Watford could have won it with a header from Craig Cathcart in the first half or a well-hit one in the second half from Domingos Quina that Daniel Bentley saved superbly. They could also have lost it via a couple of chances in quick succession engineered by Antoine Semenyo, while a corner into the box late on forced Ben Foster into emergency action, so a draw was just about a fair result.

The evening also provided a good first test run of the four-at-the-back formation. It seemed to work well, with the Hornets enjoying plenty of the ball and controlling large parts of the game. It shows they have tactical flexibility, are agile and they should, all things being equal, only get more cohesive and fluent as the games and weeks race by. They’ve still not been anywhere near their best and are within three points of the second automatic spot. Vladimir Ivić could certainly not be accused of not going for it, with Troy Deeney, Stipe Perica and Ismaīla Sarr all in the front line by the end.

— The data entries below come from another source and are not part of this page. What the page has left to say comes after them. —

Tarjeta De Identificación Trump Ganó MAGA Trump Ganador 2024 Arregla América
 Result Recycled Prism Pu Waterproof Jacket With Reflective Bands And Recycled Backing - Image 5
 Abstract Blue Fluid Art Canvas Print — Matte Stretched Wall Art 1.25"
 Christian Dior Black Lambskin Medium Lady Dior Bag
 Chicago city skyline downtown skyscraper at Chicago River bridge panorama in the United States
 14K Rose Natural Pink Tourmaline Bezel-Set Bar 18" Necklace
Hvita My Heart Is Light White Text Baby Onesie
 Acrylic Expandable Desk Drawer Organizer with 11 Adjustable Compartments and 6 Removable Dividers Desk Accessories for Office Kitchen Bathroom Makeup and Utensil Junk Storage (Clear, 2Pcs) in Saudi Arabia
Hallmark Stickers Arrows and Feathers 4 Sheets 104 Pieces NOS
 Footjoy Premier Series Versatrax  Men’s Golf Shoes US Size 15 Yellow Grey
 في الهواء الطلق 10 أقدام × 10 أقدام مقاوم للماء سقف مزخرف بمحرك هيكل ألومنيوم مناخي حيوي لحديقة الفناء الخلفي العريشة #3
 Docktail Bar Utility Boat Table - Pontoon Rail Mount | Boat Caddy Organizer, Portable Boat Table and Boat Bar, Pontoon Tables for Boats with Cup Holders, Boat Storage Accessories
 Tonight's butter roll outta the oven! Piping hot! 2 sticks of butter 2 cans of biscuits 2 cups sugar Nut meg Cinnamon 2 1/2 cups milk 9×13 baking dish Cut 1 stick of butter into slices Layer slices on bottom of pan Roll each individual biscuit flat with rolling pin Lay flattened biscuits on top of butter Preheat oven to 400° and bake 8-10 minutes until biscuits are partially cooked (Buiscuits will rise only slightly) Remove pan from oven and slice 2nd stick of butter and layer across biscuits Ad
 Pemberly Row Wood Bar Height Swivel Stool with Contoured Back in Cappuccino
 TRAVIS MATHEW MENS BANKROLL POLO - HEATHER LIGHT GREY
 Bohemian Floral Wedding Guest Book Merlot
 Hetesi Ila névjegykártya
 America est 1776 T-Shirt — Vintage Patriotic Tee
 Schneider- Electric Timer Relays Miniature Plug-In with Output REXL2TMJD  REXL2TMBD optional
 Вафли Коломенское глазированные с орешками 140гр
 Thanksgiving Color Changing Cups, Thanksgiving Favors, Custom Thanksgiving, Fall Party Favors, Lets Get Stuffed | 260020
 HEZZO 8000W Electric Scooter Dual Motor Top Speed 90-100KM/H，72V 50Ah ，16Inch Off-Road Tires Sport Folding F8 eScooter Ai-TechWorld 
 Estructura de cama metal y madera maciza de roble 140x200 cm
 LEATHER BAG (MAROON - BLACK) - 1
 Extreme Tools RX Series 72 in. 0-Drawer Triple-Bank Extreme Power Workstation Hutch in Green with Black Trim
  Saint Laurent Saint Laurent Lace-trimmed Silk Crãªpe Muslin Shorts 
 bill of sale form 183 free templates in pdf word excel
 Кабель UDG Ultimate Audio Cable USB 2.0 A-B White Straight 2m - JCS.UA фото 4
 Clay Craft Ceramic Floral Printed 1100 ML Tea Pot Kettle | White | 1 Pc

Ivić will have been pleased that the first half was more controlled than the free-wheeling first 45 at QPR on Saturday. With one less man at the back and more in midfield to help ball retention, the Hornets enjoyed as much of the ball as they had done in a game all season. They had 88 per cent of it after 10 minutes and that only dropped to 66 per cent at half-time, enabling them to dictate the play with 262 passes to the home side’s 136 and play it at their pace.

They didn’t do a great deal with it, generating five shots on goal without any on target, but the intent was there. James Garner was at the heart of most of what they did well. He fizzed one into Andre Gray that led to a snapshot for Sarr, and sent over four corners of varying danger. He also bent over a free-kick that Cathcart got on the end of with a header. The captain nodded it just wide, but the fact he slammed the post in frustration told you he felt he may have done better.

Quina vowed pre-match to play without any fear and he backed that up, turning and letting fly with one that moved all over the place and landed just wide, and almost putting Gray in with a slide-rule pass. Gray was also a whisker away from playing in João Pedro with a perceptive pass.

Foster did not have a single save to make in the first period, his main job largely to keep warm on a night he would call “fresh”. He still hadn’t been called into action by the hour mark, but would have been mighty relieved when Semenyo, after fine work down the left, fizzed one through the legs of Famara Diédhiou instead of straight into his path as the striker was four yards out and poised to score the easiest goal of his career. The lively Semenyo was posing City’s biggest threat and he nearly steered one into the far corner soon after.

The momentum was slowly shifting the home side’s way so Ivić responded by sending for Deeney, who has a track record of changing the course of a game, often through the sheer force of his personality. It was probably no coincidence that his presence resulted in the first shot on target in the game, Quina letting fly with one that dropped his way just inside the box. Bentley did superbly to tip it over and it was really travelling and would have rattled the back of the net.

Foster responded with some agility of his own right at the end to preserve a point. Anything less wouldn’t have been fair. Neither would anything more.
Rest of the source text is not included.